We stopped over in Los Angeles before purchasing a Kombi van in London to explore the UK & Europe.
Six months later we headed home via a stopover in Singapore.
Debra was lucky enough to have had a Scottish grandmother (her Dad’s mother) who came from the north eastern fishing town of Peterhead. Because of this Debra was able to get a ‘UK Grandparent’ visa which gave her ‘leave to enter the United Kingdom for an indefinite period). As her husband I could do the same. This was really useful both for this trip and also again a few years later when we came back to the UK to live in Scotland for 3 years.
We had great fun travelling and living in our van (Ludwig). An excellent way to iron out any initial ‘wrinkles’ in a marriage. Cooking, eating, sleeping, washing and toileting in a small Kombi van with someone you have never lived with before is ‘thrown in the deep end stuff’ that bought us very close together very quickly.
Great Fun. No one but ourselves to work things out. We had occasions when we had to make important decisions on the trip and figure out solutions to predicaments that we faced and as a couple we soon worked out the way forward.
It was a special time for us far away from our homeland and family.

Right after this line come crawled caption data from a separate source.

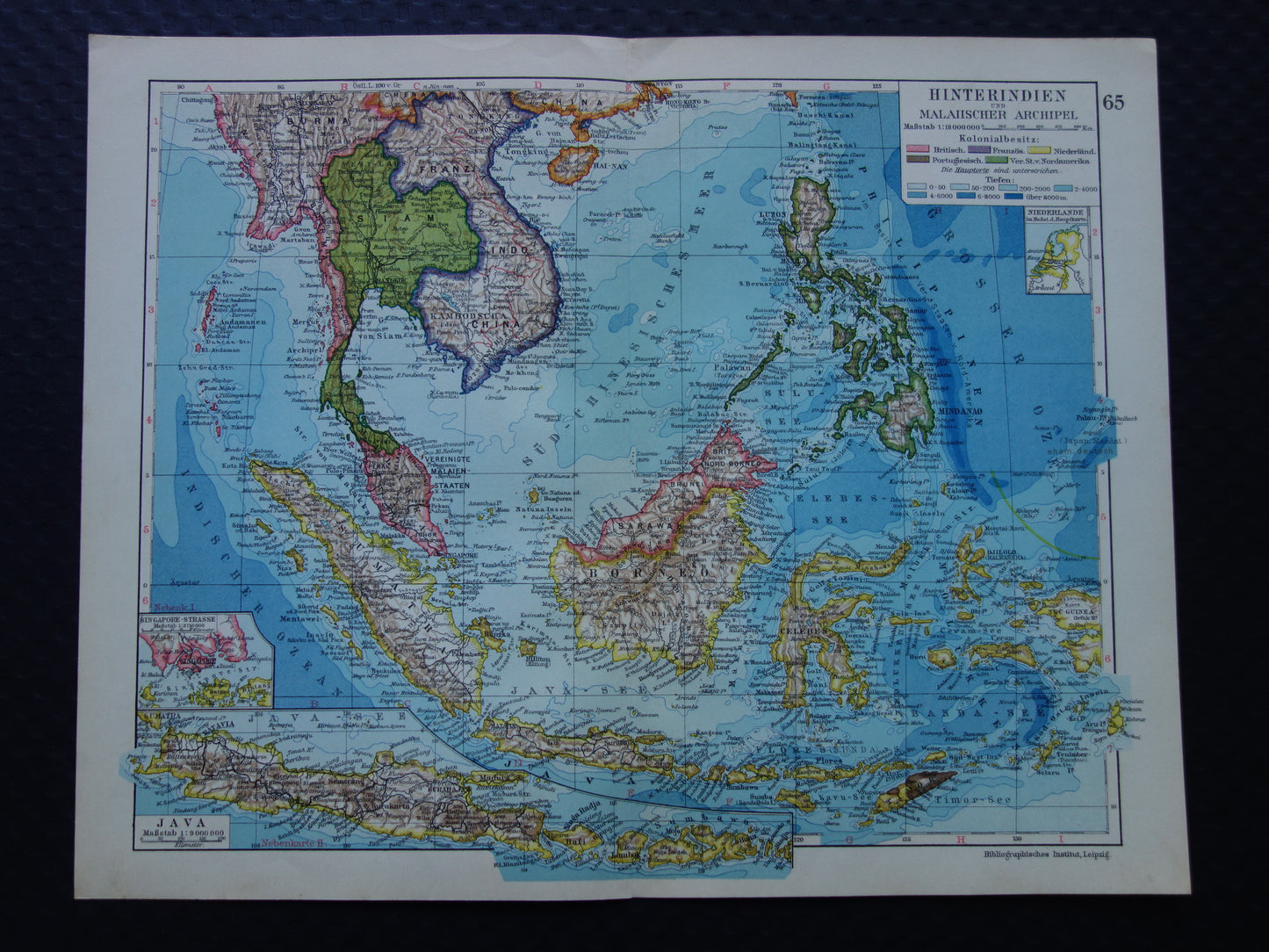 INDONESIA old map of Indonesia Philippines Southeast Asia 1928 original vintage German map Batavia Singapore Aceh Java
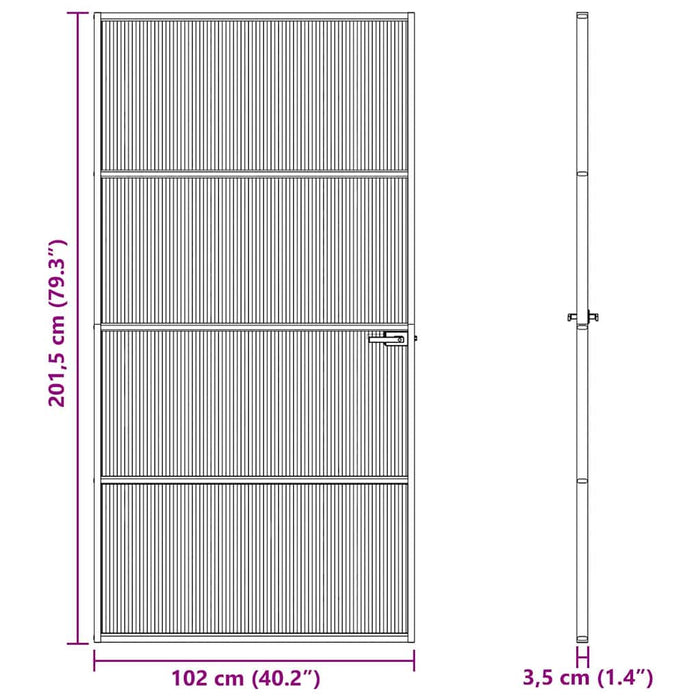 Ușă Interioară Neagră 76x201,5 cm din Sticlă Termoizolantă și Aluminiu Subțire - WALTI WALTI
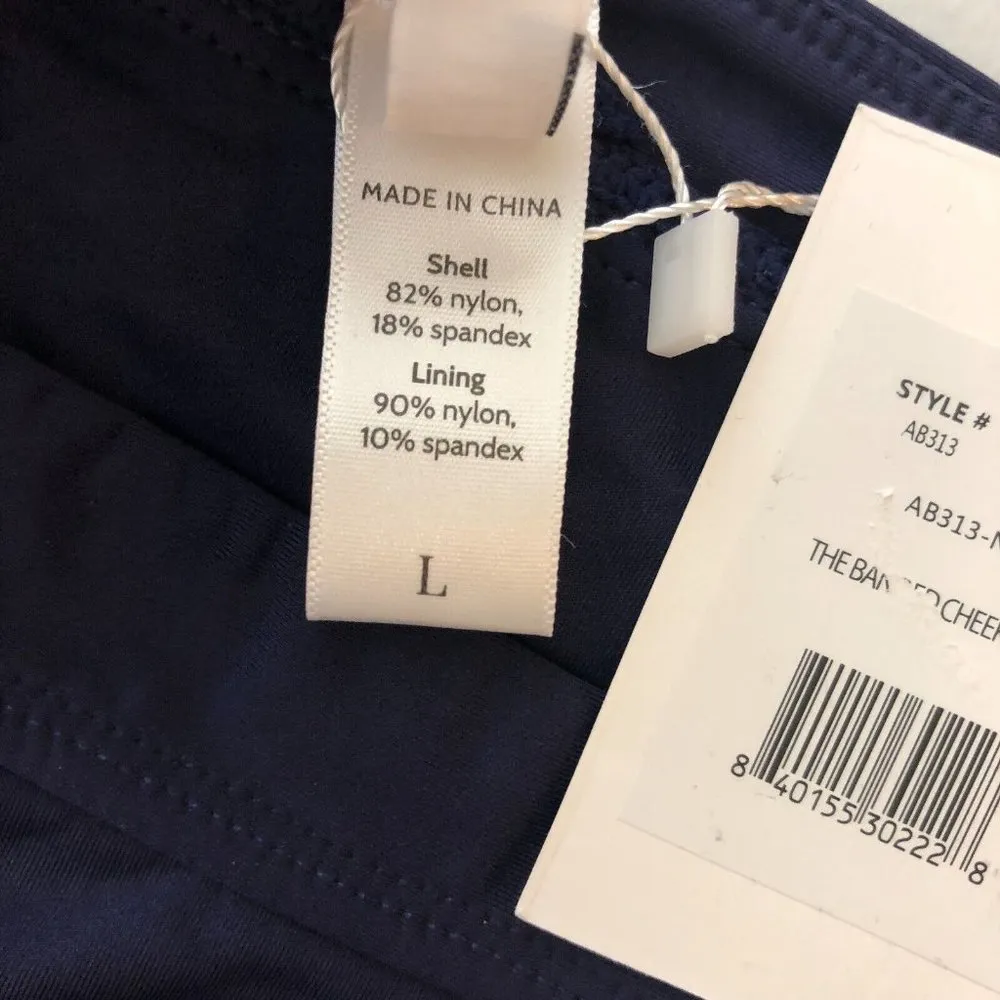 Andie Swim The Banded Cheeky Bikini Bottom Stretch Navy Blue L - Image 5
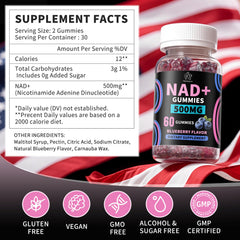 Herbance NAD+ Gummies label closeup showing 500mg per serving.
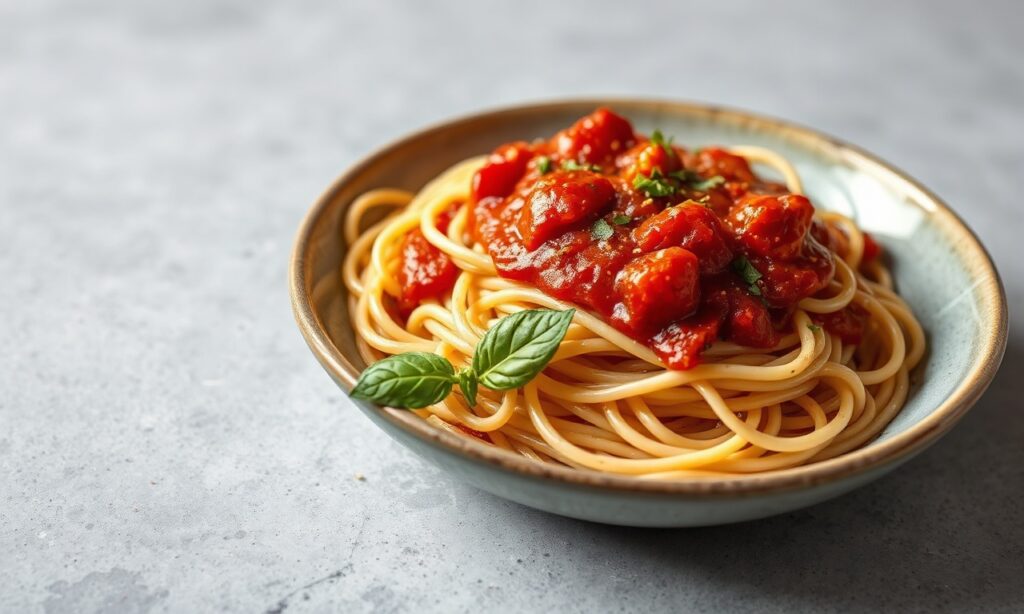 Wholesome whole wheat spaghetti with simple marinara bliss.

We loved the feeling of Kiwiness that comes from being away from New Zealand and the enjoyment that people overseas seem to get chatting with Kiwis.

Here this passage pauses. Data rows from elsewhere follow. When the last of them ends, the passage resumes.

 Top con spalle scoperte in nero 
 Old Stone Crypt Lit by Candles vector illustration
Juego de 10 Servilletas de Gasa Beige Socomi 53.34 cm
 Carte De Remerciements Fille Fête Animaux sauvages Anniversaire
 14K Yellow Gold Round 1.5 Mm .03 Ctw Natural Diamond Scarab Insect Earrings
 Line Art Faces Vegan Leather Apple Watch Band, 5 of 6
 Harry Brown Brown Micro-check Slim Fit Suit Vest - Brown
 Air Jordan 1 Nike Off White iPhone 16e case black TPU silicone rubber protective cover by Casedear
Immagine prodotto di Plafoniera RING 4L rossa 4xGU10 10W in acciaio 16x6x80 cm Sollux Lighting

After a brief trip down to Cornwall and then up to Scotland (brrrr) we headed across the English channel and proceeded to make our way down through France travelling further south as the northern winter started to take hold.
Once we had got down to the French Rivera we then travelled along the coastline towards Spain.

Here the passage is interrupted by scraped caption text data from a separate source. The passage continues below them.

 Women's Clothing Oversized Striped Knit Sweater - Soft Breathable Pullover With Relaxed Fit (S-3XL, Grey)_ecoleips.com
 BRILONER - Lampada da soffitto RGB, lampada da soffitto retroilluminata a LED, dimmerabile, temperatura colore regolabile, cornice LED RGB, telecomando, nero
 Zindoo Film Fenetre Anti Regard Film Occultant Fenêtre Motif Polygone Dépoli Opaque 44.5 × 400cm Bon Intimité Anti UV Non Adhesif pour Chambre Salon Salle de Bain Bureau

Crossing the French/Spanish Mountains we continued our trip along the eastern coast of Spain enjoying the warm winter sunshine.
We travelled as far south as Alicante where we spent most of the northern winter free camping by the different beaches, doing very little!
We then travelled back to the UK taking a scenic ‘minor roads’ route through the beautiful interior of France.
Our Kombi, Ludwig
In those days, most of the 2nd hand vans were sold from a car park in London called Hungerford Car Park. You can see the Hungerford carpark between the rail bridge and the tall white buildings across the Thames from the Houses of Parliament.
A great central location with a view of the Houses of Parliament. You could pay to stay in the carpark during the day (away from the traffic) while you were selling your van or just park it on the side of the road outside the car park for free (well you got parking tickets but they seemed to get lost on the plane ride home).
For our money we got a really good buy with our Kombi, Ludwig. We had very few problems in the 5 months we had the van.
It was fully equipped and ready to go. The rear seat folded down into ¾ bed. A toilet (well a bucket) located between the cab and back of the van doubled as a seat when not in use. The kitchen gear comprised of a fridge, a gas double burner and grill and all of the cutlery, crockery, pots, fry-pan etc. required. We had a water tank (accessible from out side the van for refilling) with a hand pump through to a small sink. An outside table and stools was stored in a cavity under the roof above the bed. A blow-up rubber dinghy came in handy when we were sunning ourselves by the beach in Spain. A small gas heater kept us warm in the evenings. There was a large storage area under the back seat that we used mostly for a sack of potatoes we bought in the UK that kept us going for many months. A map cupboard with tons of Europe maps/information helped us with planning our trip. A radio picked up the BBC overseas broadcast in the evenings for us to catch-up on what was happening in the UK and the chance to hear some English being spoken.
A cassette player in the cab (we got to know Simon & Garfunkel’s music really, really well by the end of the trip) kept us singing along on the long travelling days.
The van was very economical and easy to drive. Took a bit to get used to not having a bonnet out front. The smallness of the van was great for negotiating the tight roads of Cornwall and some of the Gorges in France (even though we still had to have a couple of goes at getting around some of the corners!).
After our trip we put up the ‘For Sale’ sign on Ludwig at the Hungerford Car Park and after a couple of days, were able to sell Ludwig for 800 English Pounds to a couple of Maori guys. Hopefully, they had a great time like we did. Maybe Ludwig is still ‘chugging’ along the roads of Europe with its latest lot of Kiwi travellers!